While Chapman failed to meet these standards, the tribunal determined that it did not constitute disgraceful conduct.
"Mr Chapman's conduct in not enquiring into, or seeking clarification of, the information he was given by HCG then passing that information on to Southern Ink, and by not addressing, himself, the questions whether the Southern Ink premises were safe for occupation, did not meet the relevant industry standards by a considerable measure," the report said.
"However, we are not able to conclude that his failure to meet those standards was to such an extent that we could find that it would reasonably be considered by agents of good standing, or reasonable members of the public, as disgraceful.
"The tribunal does not find the charge of disgraceful conduct proved."
The report concluded that nothing the tribunal said in its decision was an indication that the tribunal has any view as to the culpability for Mr McEachen's death.

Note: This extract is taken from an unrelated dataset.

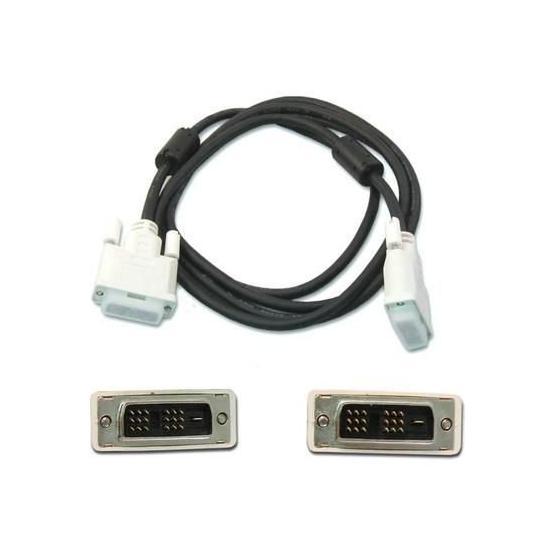 Alfais 4710 DVI to DVI 18-1 Ara Bağlantı Monitör Kablosu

"The tribunal does not (and cannot) have such view," it said.
Bruce McEachen told Newstalk ZB that the family was "distraught" and "absolutely gobsmacked" over the decision.
"The sheer weight of evidence presented at the Real Estate Agents Tribunal is huge and to find the decision has gone the other way, I am sort of lost for words," he said.
"185 people died in the Christchurch earthquake and this is the only case that has got even close to going to court. To find nobody is being held accountable is just devastating."
McEachen said the tribunal's rationale was it had to be disgraceful conduct, "and basically they have said it is not disgraceful enough".
He said the decision was difficult to comprehend.
"When you think about it, if the guy had sold a house that had been sold as five bedrooms and it was actually four, then he would have been fined with disgraceful conduct.
"But here is a guy that had all the information from structural engineers that the building was unsafe to occupy, and continually the tenants were asking if the building was safe for them to be inside ... and they can't find anything wrong with that."
McEachen said the family needed time to look into their right to appeal the decision.
"It has been seven years and it is really tiring and we need to decide if we have enough strength to go through an appeal process, should we want to appeal it."